That seems to be the most specific goal shared by the various factions assembled at the summit: to pass some kind of reform legislation in the small window before the 2016 elections. There are a number of piecemeal bills on the table, including the Smarter Sentencing Act to reduce mandatory minimums for nonviolent offenders; the REDEEM Act, which would give people with criminal records an avenue to sealing those records and lift the ban on public assistance for people with felony drug convictions; a proposal to provide resources and alternatives to incarceration for mentally ill offenders; and a more moderate sentencing-reduction proposal that would allow some prisoners to get time off for participating in job training, drug counseling and other “recidivism reduction” programs.
“There’s a lot of good legislation and a lot of good energy,” Democratic Senator Cory Booker told the audience at the summit. “But I’m telling you there’s tremendous work to do to get those bills through the committee and onto the floor.” Cracking old-school, tough on crime lawmakers like Chuck Grassley, the Iowa Republican who chairs of the Senate Judiciary Committee, is the most immediate challenge to passing legislation this year.
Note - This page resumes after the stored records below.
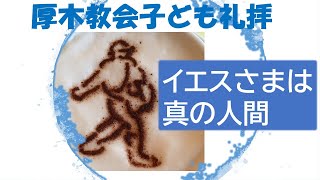 2020年12月27日（日）厚木教会CS礼拝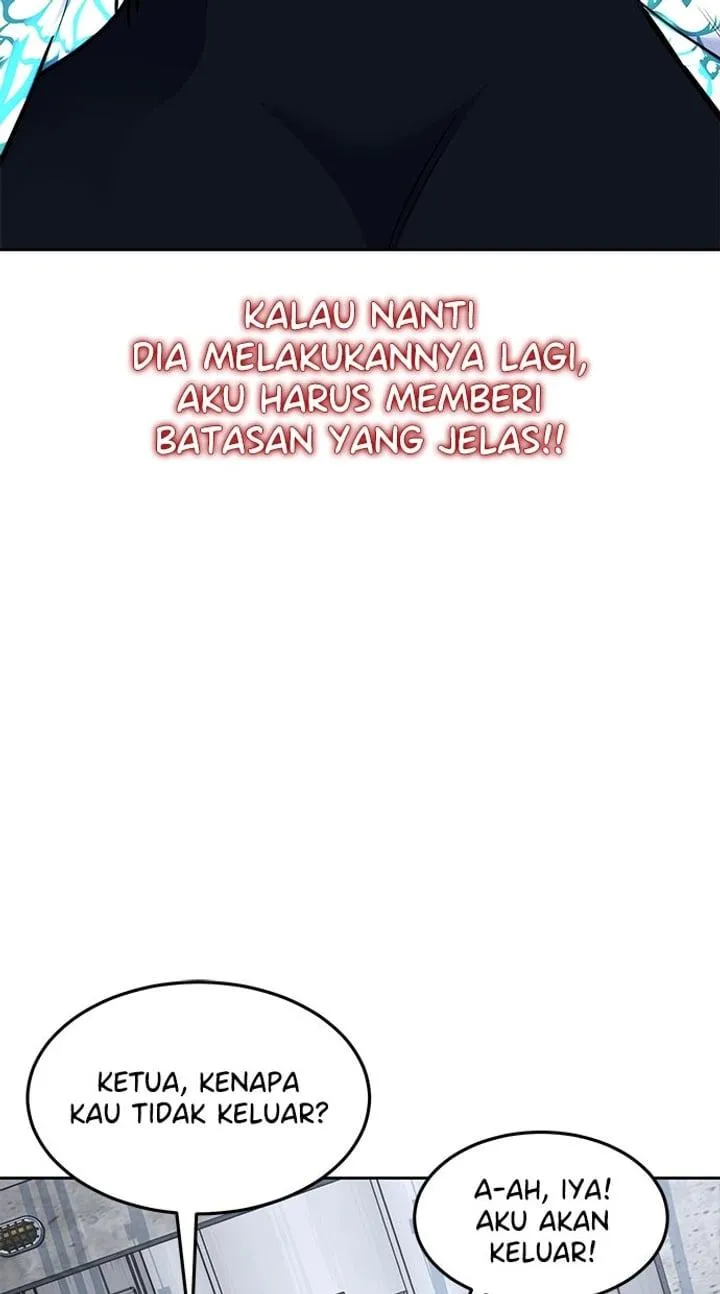 Page 29 - Ticket Hero Chapter 226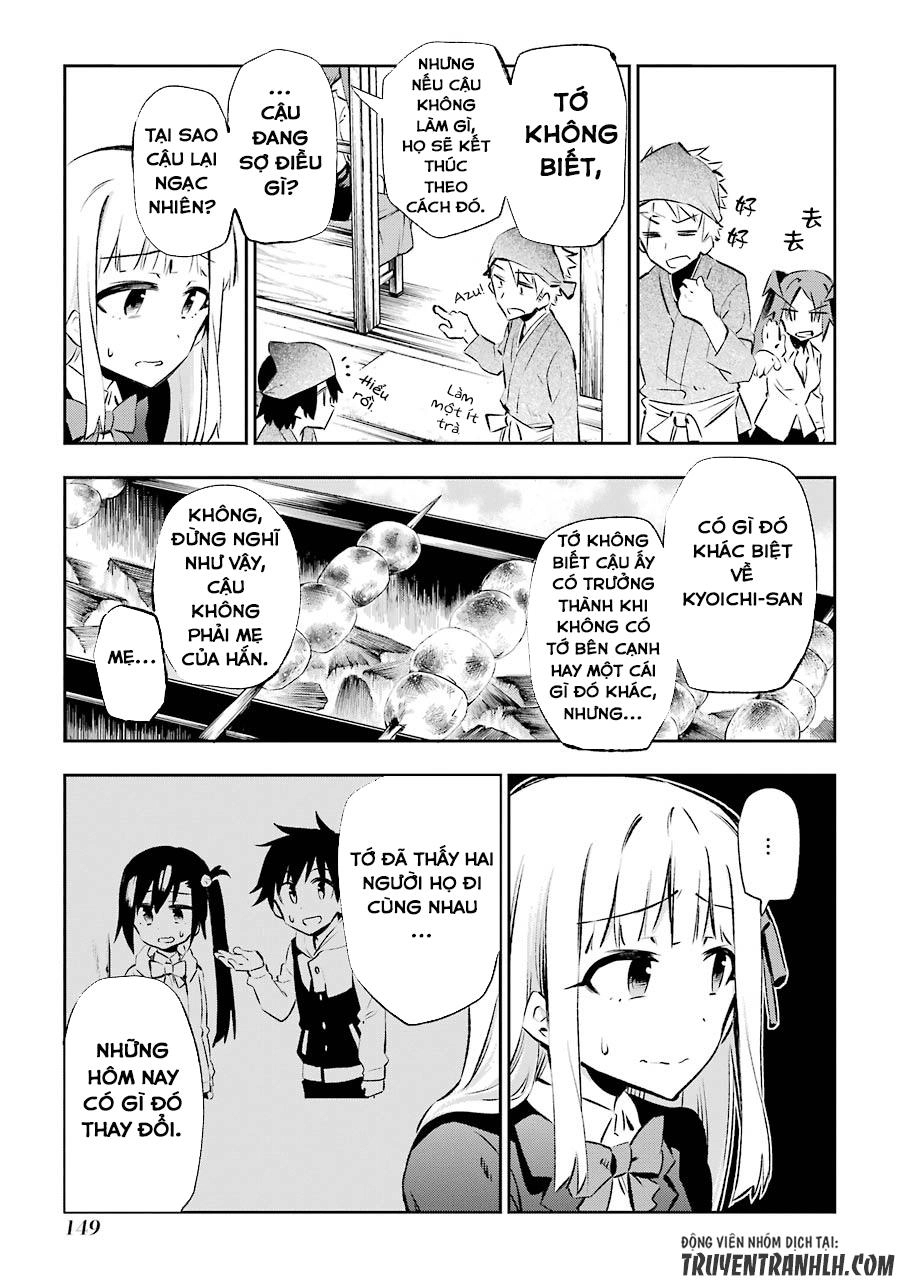 Urami Koi, Koi, Urami Koi Chapter 23 - 15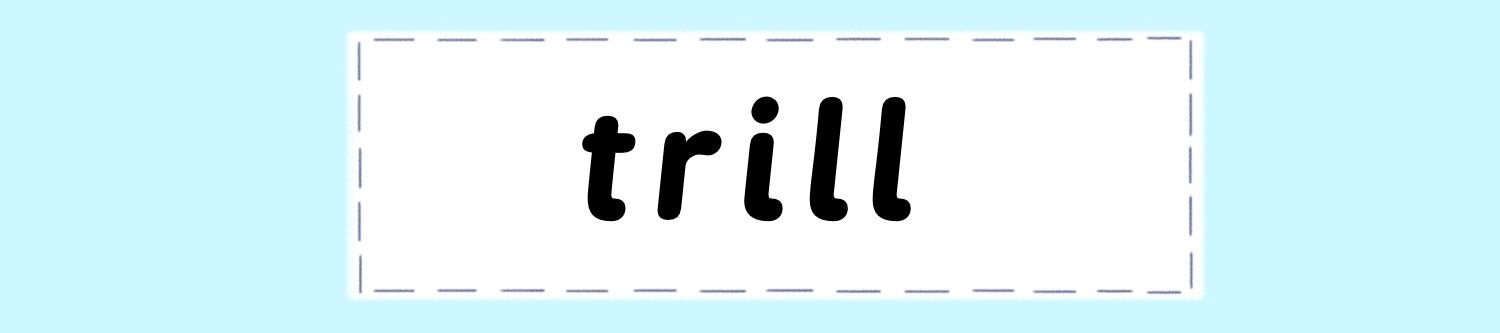 trill(トリル)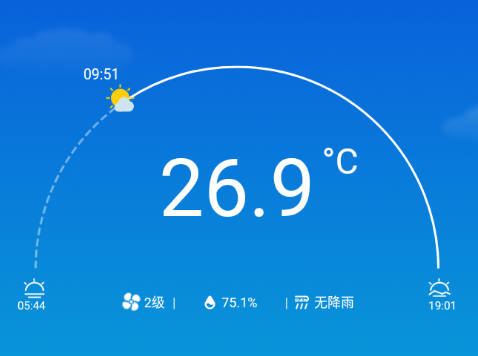 �麣����2.0app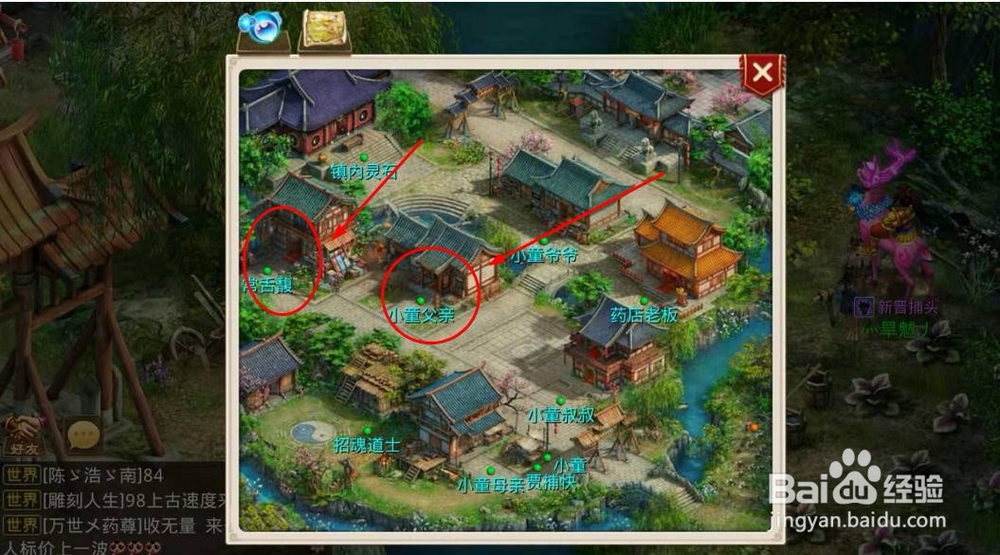 问道迷仙镇所需要找的人物有哪些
Still, there was plenty of optimism that the dinosaurs would lose eventually. “Everyone is going to be in favor of some kind of criminal justice reform” in 2016, Gingrich told a group of reporters. “When it comes up in the debates, it’ll be variations on the theme, and the general theme will be ‘yes, that’s right.’”
The summit was designed to be a show of strength and unity. Accordingly, it did not much address those potential “variations,” or the serious question of how far the disparate and in some cases conflicting ideologies of the groups backing reform can carry it. For instance, it’s hard to know what to make of the contribution of Bernie Kerik, former commissioner of the New York City police and the city’s Department of Corrections. Kerik was convicted of tax fraud and corruption in 2009 and spent three years in a minimum-security prison in Maryland, an experience he described at the summit as “dying with your eyes open.” Now Kerik is launching a 501(c)4 nonprofit (also known as a dark-money group) called American Coalition on Criminal Justice Reform. But then here’s Kerik in Time magazine just a few months ago, waving away the deaths of Michael Brown and Eric Garner at the hands of the police, and warning readers about a “war…as dangerous as any global enemy we face,” by which he means a war on cops. Is there a road to reform that skirts racial justice?
Despite Gingrich’s insistence at the summit that there’s “no question” that the primary motivation for conservative supporters of prison reform is moral, what they’re mainly selling is smaller government. As then–Texas governor Rick Perry said succinctly at the 2014 Conservative Political Action Conference, “Shut prisons down. Save that money.” There are reasons to be concerned that framing the problem as a budgetary rather than a social one will only perpetuate the system of punitive justice. Privatized alternatives to incarceration—probation, parole, drug testing services, specialized courts—have been criticized as extensions of state surveillance and for giving corporations yet another way to prey financially on the poor.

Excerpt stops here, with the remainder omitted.